Когда, два года спустя, Фаварже приехал в Авиньон, он уже обладал достаточным опытом, чтобы напрямую вести дела с самыми уважаемыми пиратами на книжном рынке времен Старого режима. Авиньон был настоящим пиратским раем. Французский по культуре и окруженный со всех сторон территорией Франции, он принадлежал папскому престолу. В XIV веке, во время тогдашних церковных смут, папы сделали его своей столицей; потом они вернулись в Рим и передоверили городские дела итальянскому вице-легату, который, как правило, на все предпочитал смотреть сквозь пальцы. Привилегии, которые распространялись на книги, напечатанные во Франции, в этом папском анклаве утрачивали силу, и авиньонские издатели могли перепечатывать их сколько душе угодно, а потом распродавать по всему французскому королевству по ценам куда более низким сравнительно с оригинальными изданиями. К 1769 году Авиньон мог похвастаться двадцатью двумя издательскими и типографскими фирмами и четырьмя десятками действующих типографий – цифры просто невероятные для города, в котором обитало 24 000 жителей111. По объему продаж здешние издатели вполне могли равняться с лучшими домами Лиона и Руана и составляли серьезную конкуренцию швейцарским пиратам. Впрочем, с последними они сотрудничали, если видели в этом выгоду для себя. Подобно швейцарцам, они старались минимизировать риски и расширяли свой ассортимент, предлагая крупные партии собственных книг для обмена на то, что печатали издательства-партнеры. Обмен с Швейцарией требовал времени и денег на доставку, однако перевозки вверх и вниз по Роне были относительно дешевы: 40–50 су за сотню фунтов от Лиона до Авиньона и 5 ливров (100 су) вверх по течению от Авиньона до Лиона112.

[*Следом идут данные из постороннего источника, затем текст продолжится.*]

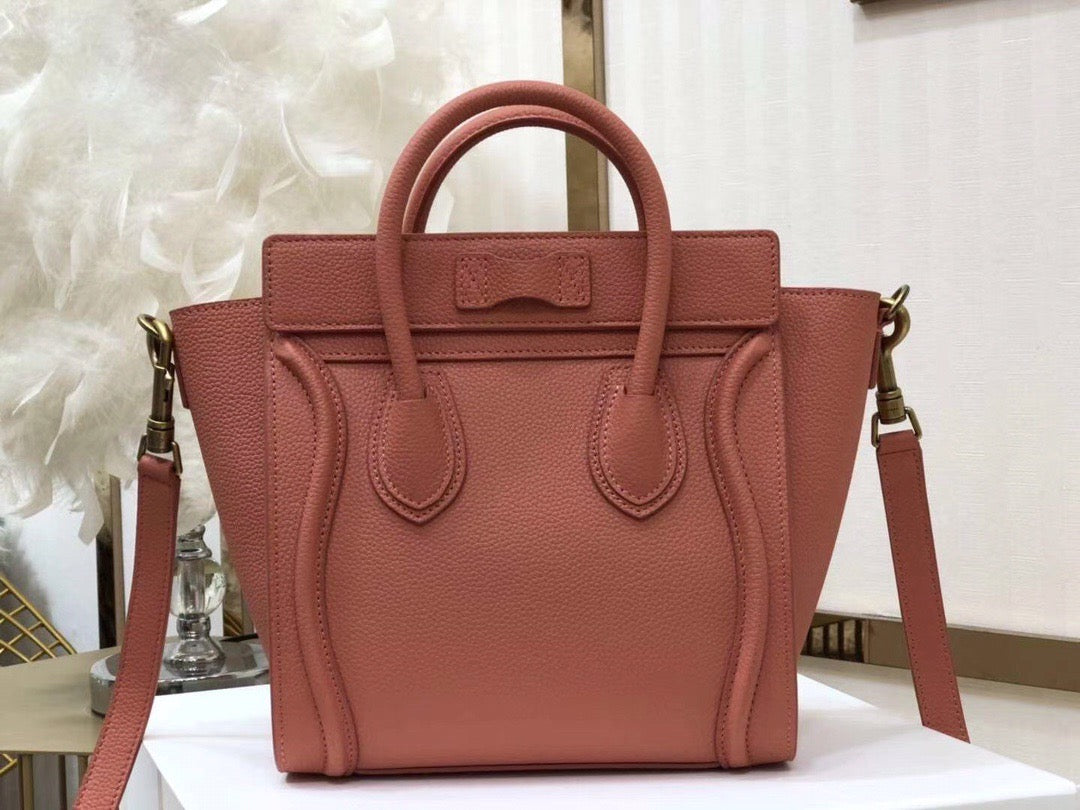 Celine Mini Luggage Tote Bag In Tomato Red Drummed Calfskin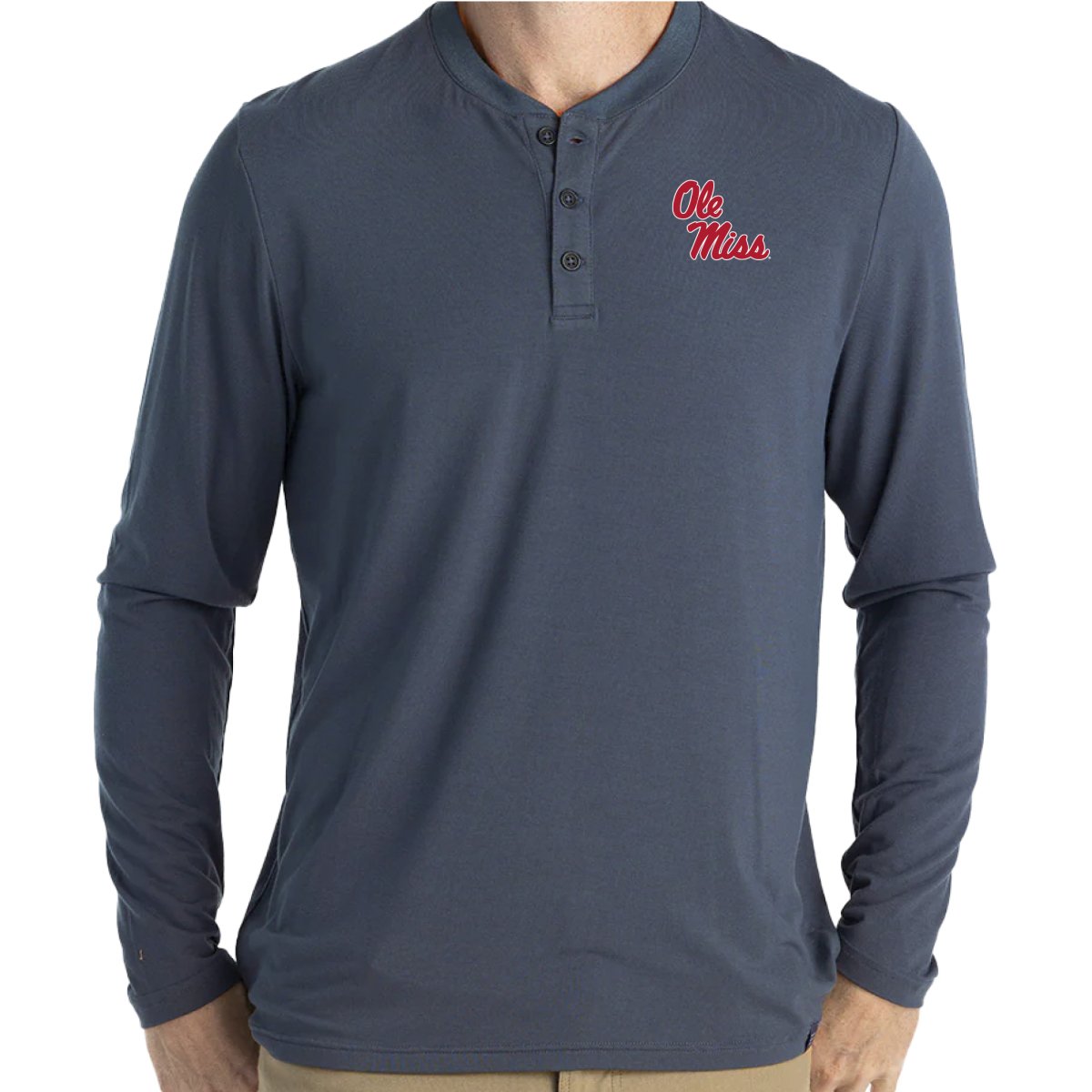 Ole Miss Free Fly Men's Bamboo Flex Henley - Shop B - Unlimited - men tee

Впрочем, к тому моменту, как в Авиньон приехал Фаварже, ситуация изменилась: эдикты 1777 года грозили положить конец золотому веку авиньонского пиратства. В долговременной перспективе новые правила игры не обещали ничего хорошего, так что авиньонские издательства решили сделать ставку на последствия кратковременные: поставлять на французский рынок свои contrefaçons, проштамповав их так, как того требовали новые нормы. Для того чтобы сделать это, им было необходимо убедить французские власти в том, что они являются французскими, а не иностранными издательствами. Несмотря на то что в Папском дворце удобно обустроился легат со своей итальянской свитой, сам город не слишком отличался от других провинциальных центров Южной Франции. Местные жители говорили на провансальском языке и жили в основном за счет торговли и промышленного производства: помимо книг, здесь изготовляли шелковые ткани, и в этой сфере трудилось около 500 наемных работников. Элита говорила по-французски и активно участвовала в культурной жизни, сформировавшейся вокруг французских же институтов: университета, академии, театра, салонов, кафе и книжных магазинов. Собственно, и сам Авиньон уже успел стать частью Франции после того, как в 1768 году, желая оказать давление на папский двор в ходе конфликта вокруг эдикта Климента XIV о запрещении ордена иезуитов на территории королевства, Людовик XV аннексировал этот анклав. Смена суверена не слишком ощутимо сказалась на деятельности печатников и книгопродавцев: они продолжали зарабатывать на жизнь прежними методами, особенно после того, как в 1774 году Авиньон официально был восстановлен в статусе папского анклава. Но одним из последствий эдиктов 1777 года было основание новой палаты синдиков в соседнем Ниме. Когда, годом позже, Фаварже прибыл в Авиньон, она еще не функционировала, но в любое время могла начать конфискацию книг, которые в огромных количествах вывозились за пределы города. А если бы директор французского Управления книготорговли решил, что авиньонцы – иностранные подданные, они лишились бы даже той временной передышки перед неизбежными конфискациями, которую обещала возможность проштамповать свои книжные запасы. Конечно, авиньонские издатели всегда могли переключиться на контрабандную торговлю, как этим занимались их швейцарские коллеги, но в том случае, если французские власти вознамерились бы довести новую политику по борьбе с пиратскими изданиями до конца, пострадали бы все.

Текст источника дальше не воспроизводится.